:: TASK DESCRIPTION ::
Transcribe the listing below word for word but skip its images.

:: RECORDED INFORMATION ::
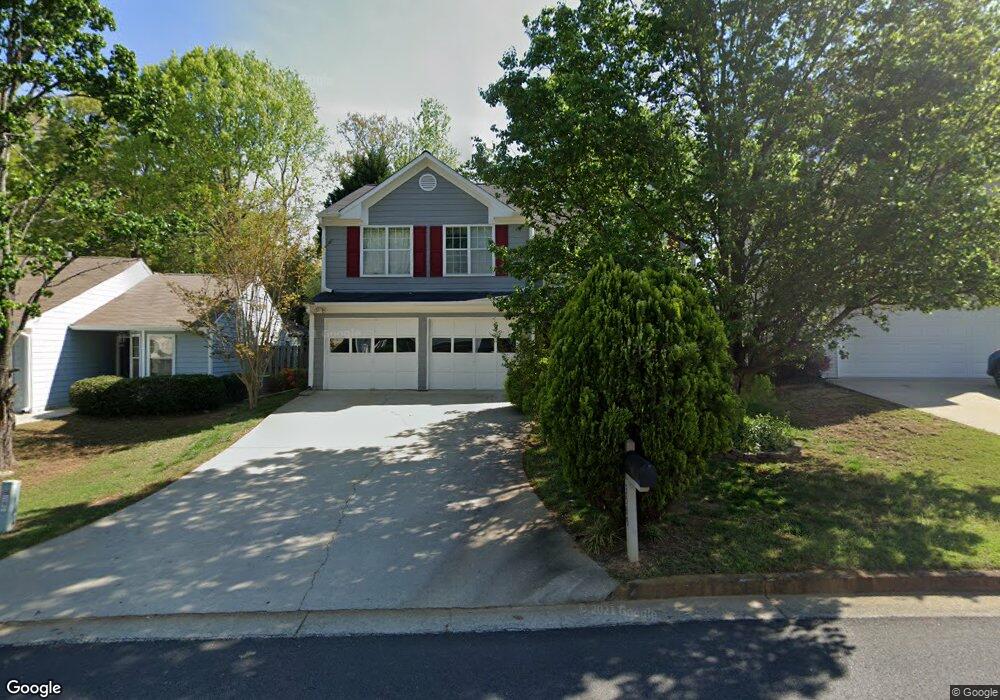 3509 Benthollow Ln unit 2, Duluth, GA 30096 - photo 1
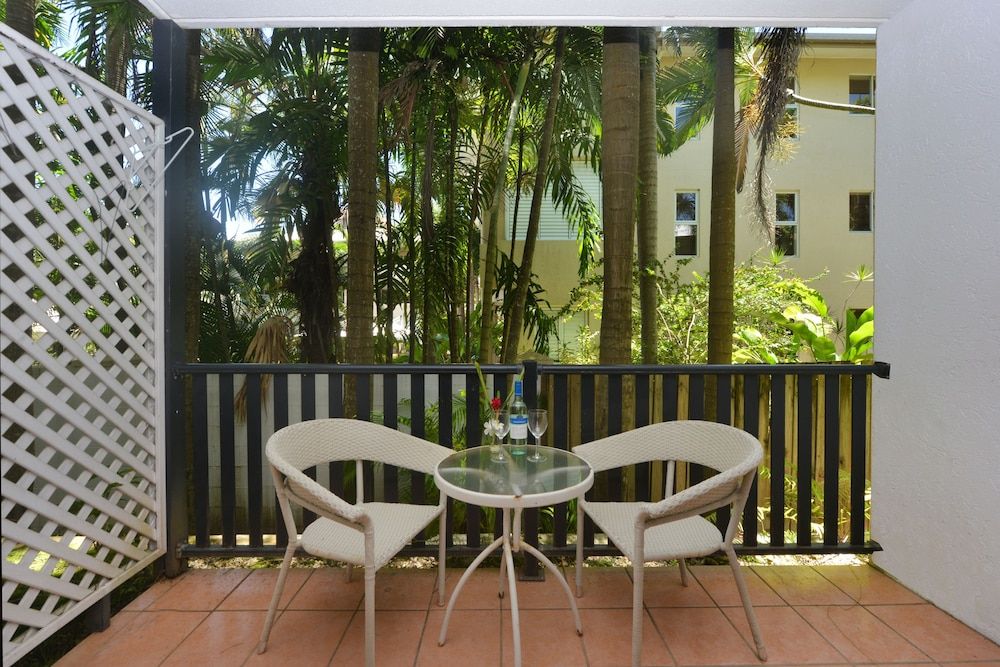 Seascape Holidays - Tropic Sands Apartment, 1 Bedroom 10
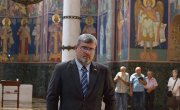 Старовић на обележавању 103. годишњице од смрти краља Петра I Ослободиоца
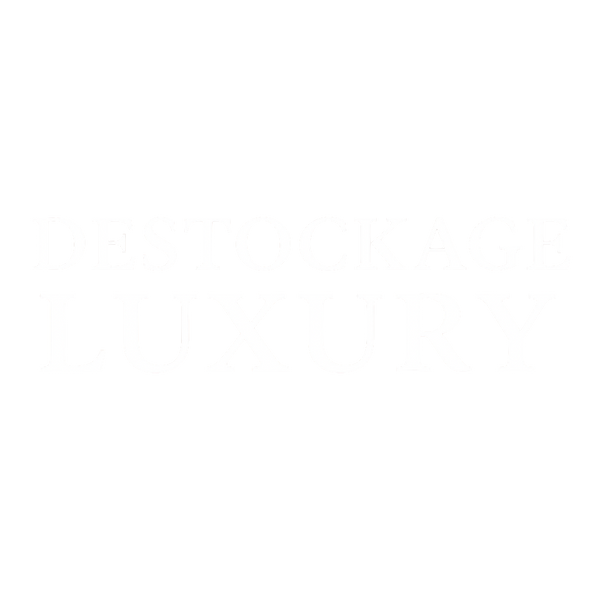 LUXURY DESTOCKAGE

:: RESULT OF THIS TASK ::
 3509 Benthollow Ln unit 2, Duluth, GA 30096 - photo 1
 Seascape Holidays - Tropic Sands Apartment, 1 Bedroom 10
 Старовић на обележавању 103. годишњице од смрти краља Петра I Ослободиоца
 LUXURY DESTOCKAGE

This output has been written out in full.